It is a bug in re-engine-pcre that also exists in the cpan pcre2 and re2 projects as well - only the native perl implementation seems correct. I think this is probably a new flag and so the requirement broke all the 3rd party RE implementations without people realizing it
All you need to do is set the flag when you are building a UTF8 regexp object - nothing more.
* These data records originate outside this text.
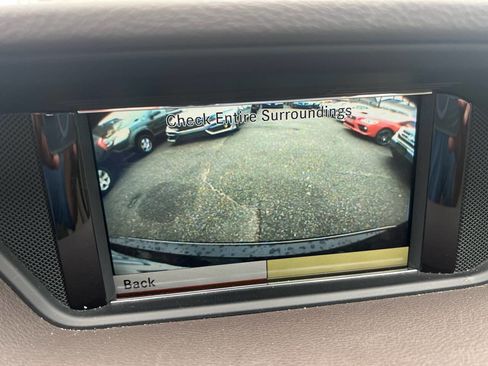 Used 2011 Mercedes-Benz E 350 4MATIC Sedan image 19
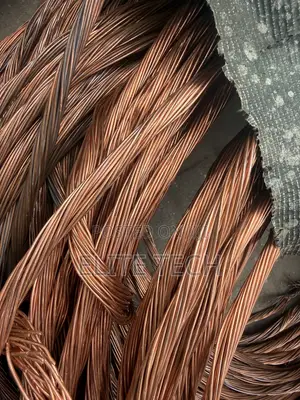 70mm Bare Copper Wire for Earthing & Lightning Protection (100% Coppe)
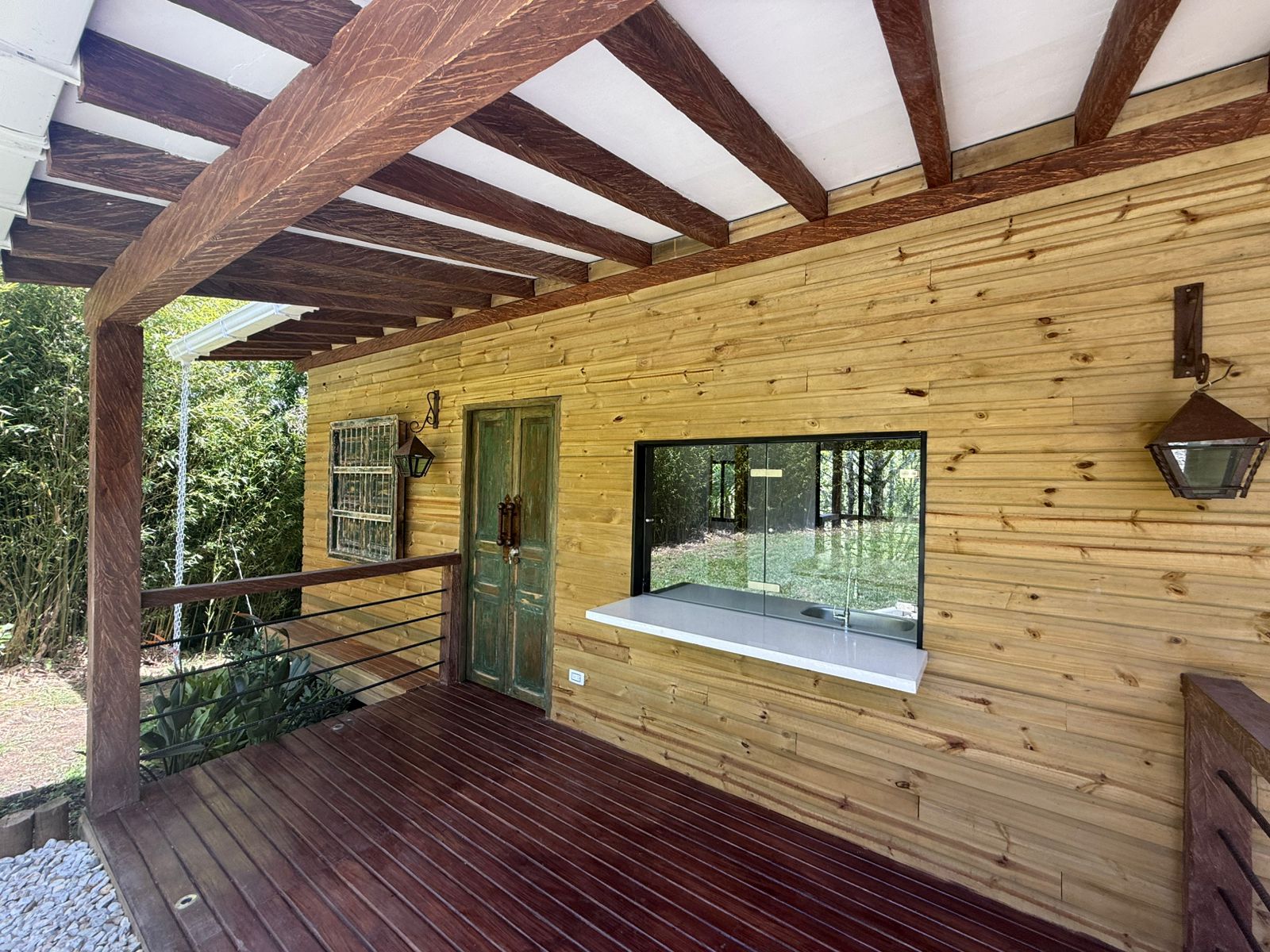 Se Arrienda Casa Campestre en  Llanogrande, Antioquia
Perl takes care of all the rest by checking that flag and adjusting capture offsets and setting the SV's utf8 bit
Todd
On 1/30/20, 6:05 PM, "demerphq via RT" <bug-re-engine-PCRE@rt.cpan.org> wrote:
<URL:
https://urldefense.com/v3/__https://rt.cpan.org/Ticket/Display.html?id=131619__;!!ORgEfCBsr282Fw!76YhgsEhi3e_zqo-k08Dzz6S4JjVSDmyFacuY1b-KaIUxu33uC3hwuQljMr_6BcDQOA$ >
On Fri, 31 Jan 2020, 06:22 Todd Richmond via RT, <
bug-re-engine-PCRE@rt.cpan.org> wrote:
Show quoted text > Thu Jan 30 17:22:16 2020: Request 131619 was acted upon.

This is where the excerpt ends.